Dieser Beitrag ist auch als Audio-Podcast verfügbar.

Um den Hintergrund des kommenden Gaskrieges zu verstehen, lohnt sich ein Blick auf folgende Grafik…

Die Daten stammen aus der aktuellen Ausgabe der CRA-Insights-Analyse, die sich dem Thema US-Flüssiggas-Exporte für den europäischen Markt gewidmet hat. Demnach stehen in den USA momentan ohnehin nur Exportkapazitäten in Höhe von 19 Milliarden Kubikmeter pro Jahr zur Verfügung, die vom LNG-Terminal „Sabine Pass“ stammen, das am Golf von Mexiko liegt und ursprünglich für den Gas-Import projektiert wurde. Doch dank des Fracking-Booms sind die USA von einem Importeur zu einem der größten Gas-Exporteure geworden und haben binnen kürzester Zeit Exportkapazitäten aufgebaut, die ihresgleichen und vor allem Kunden suchen. Spätestens, wenn in diesem Jahr die Terminals in Cove Point/Maryland, Freeport/Texas, Corpus Christ/Texas und Cameron/Louisiana in Betrieb gehen, steht den USA eine gigantische Infrastruktur zur Verfügung, mit der die Unmengen von Fracking-Gas, für das es momentan keine Abnehmer gibt, verflüssigt und dann mit Tankern exportiert werden können. Rein theoretisch könnten die USA bereits Ende dieses Jahres den kompletten deutschen Gasmarkt abdecken und zusammen mit den bereits genehmigten Investitionen würde es sogar zusätzlich noch für den zweitgrößten EU-Gasmarkt in Großbritannien reichen.

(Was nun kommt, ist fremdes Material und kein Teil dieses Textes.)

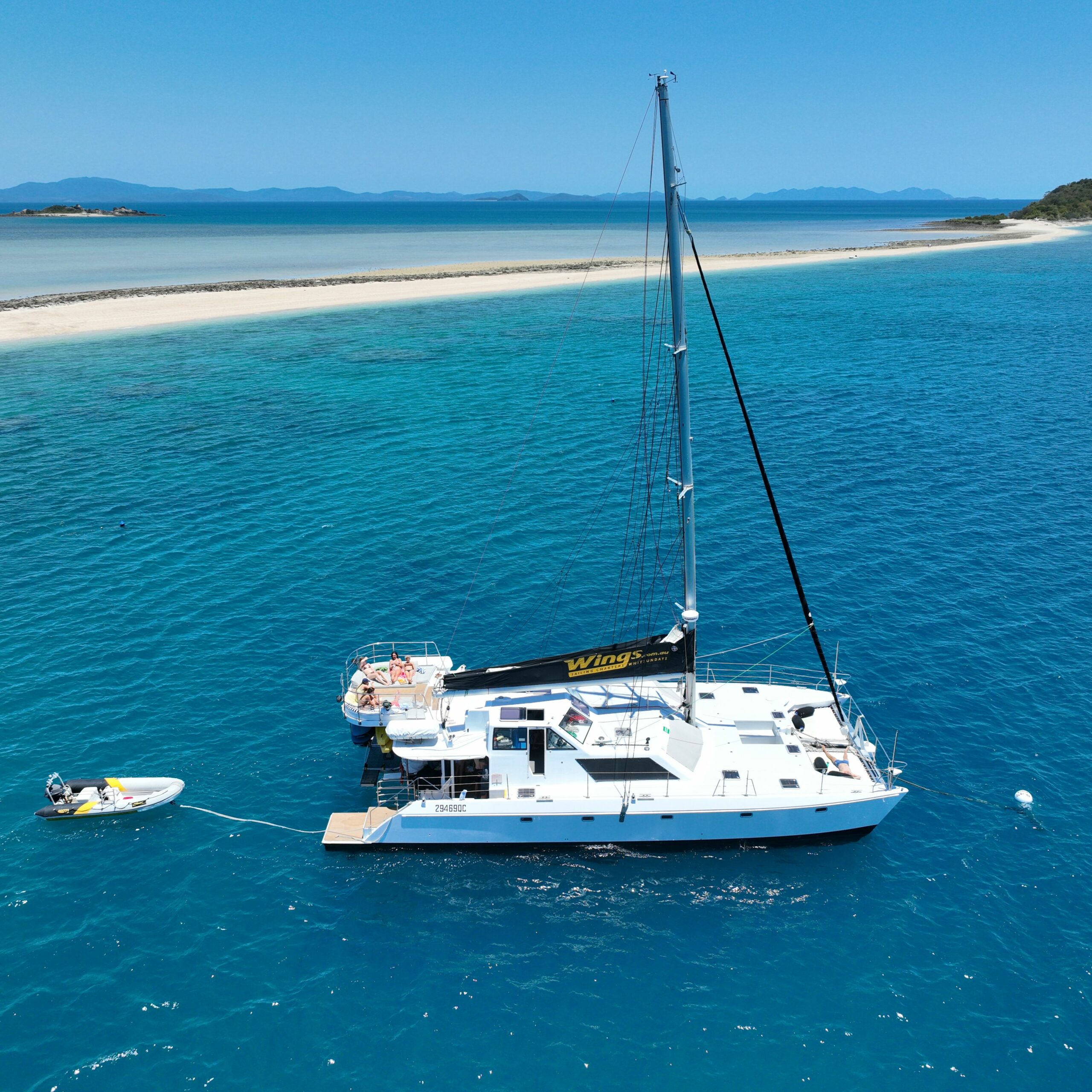 A Whitsunday Islands Sail, SUP & Snorkel Day Tour- Premium NEWEST Airlie Beach Day Tour!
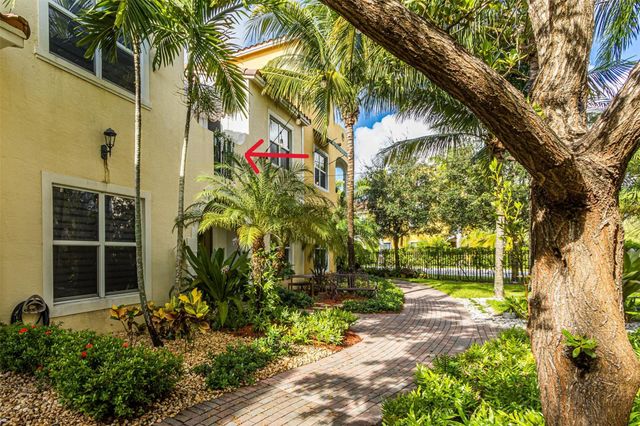 12467 NW 17th Court, Pembroke Pines, FL 33028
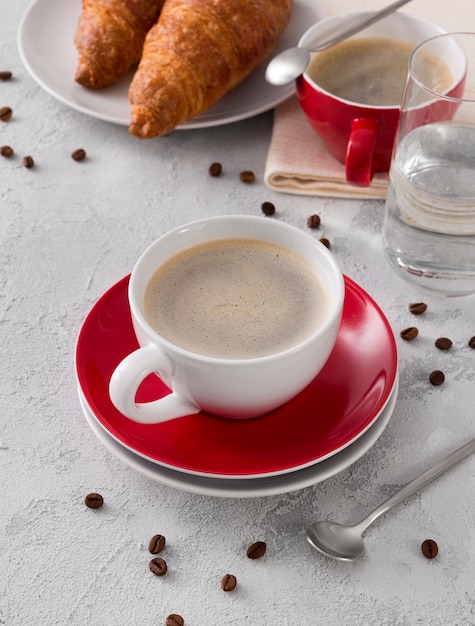 Frühstück mit heißem leckerem Kaffee und Croissants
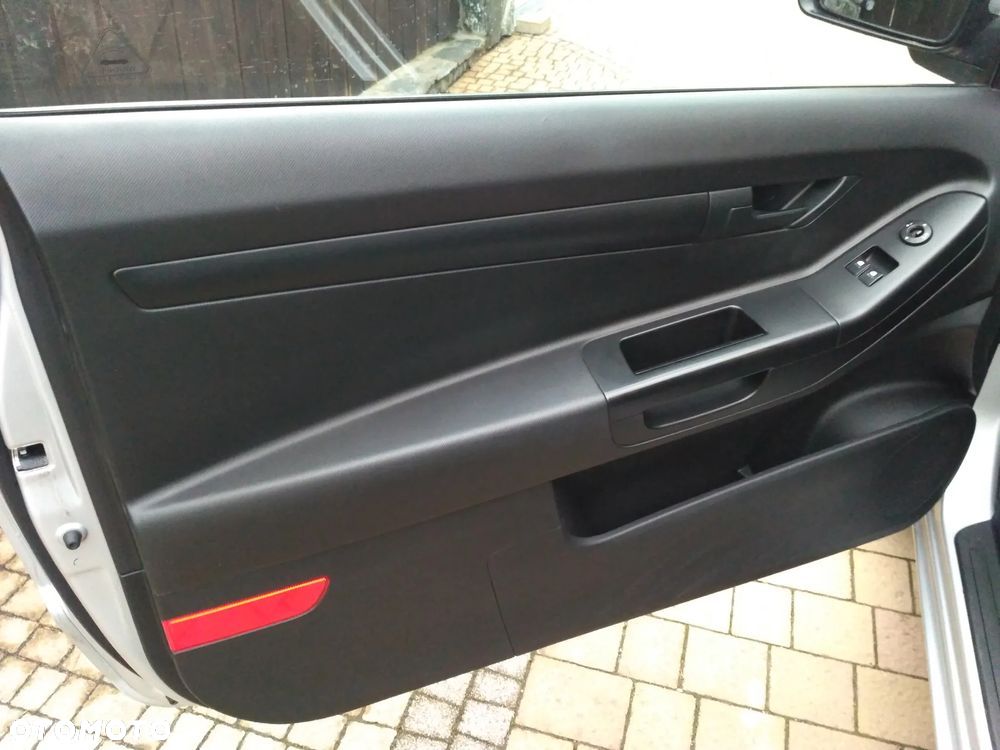 Kia Ceed - 11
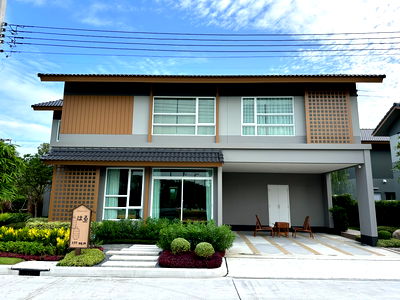 Houses for sale Muang Pathum Thani Pathumthani : Showhouse, fully furnished, ready to move in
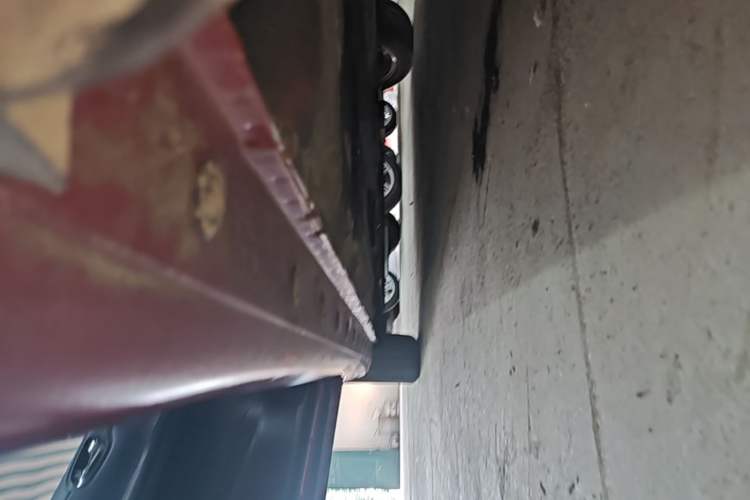 Used Nissan Tiida 2014 1.6L CVT Comfort Model Right Side Sill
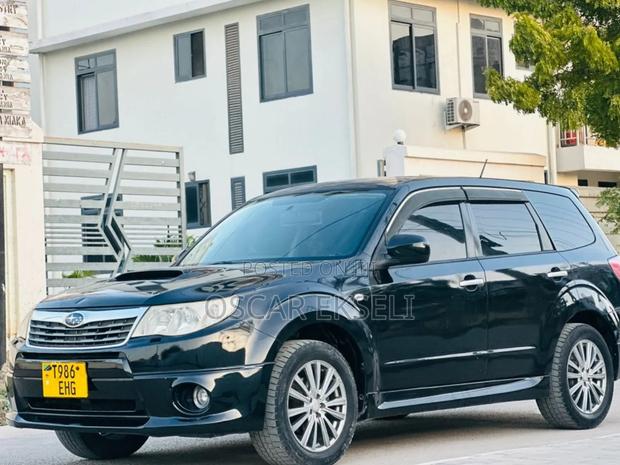 Subaru Forester 2010 Black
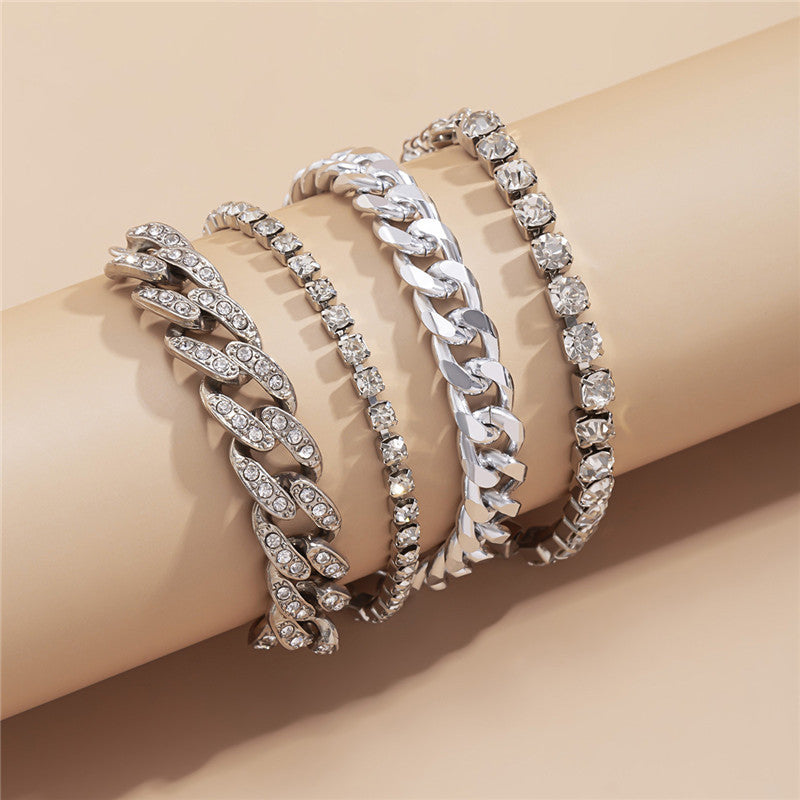 Modisches und trendiges Damenarmband mit Diamantbesatz - ChMode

Das Ganze hat jedoch zwei entscheidende „Schönheitsfehler“. Zunächst einmal ist es weder ökologisch noch ökonomisch sinnvoll, Gas zuerst mit einem hohen Energieeinsatz zu verflüssigen, dann mit dem Tanker um die halbe Welt zu transportieren und am Zielhafen wieder in Gasform in Pipelines einzuspeisen. Momentan kostet eine Verrechnungseinheit (MMBTU) Erdgas in den USA (Henry Hub) rund 2,85 US$. Transportiert man dieses Gas als LNG nach Europa, kostet es am Terminal bereits mehr als doppelte, über sechs US$. Zum Vergleich: Der Monopolpreis der Gazprom für russisches Erdgas aus der Pipeline liegt je nach Endkunde meist leicht unter fünf US$. Auf einem freien Markt hätte US-Gas in Europa also keine Chance.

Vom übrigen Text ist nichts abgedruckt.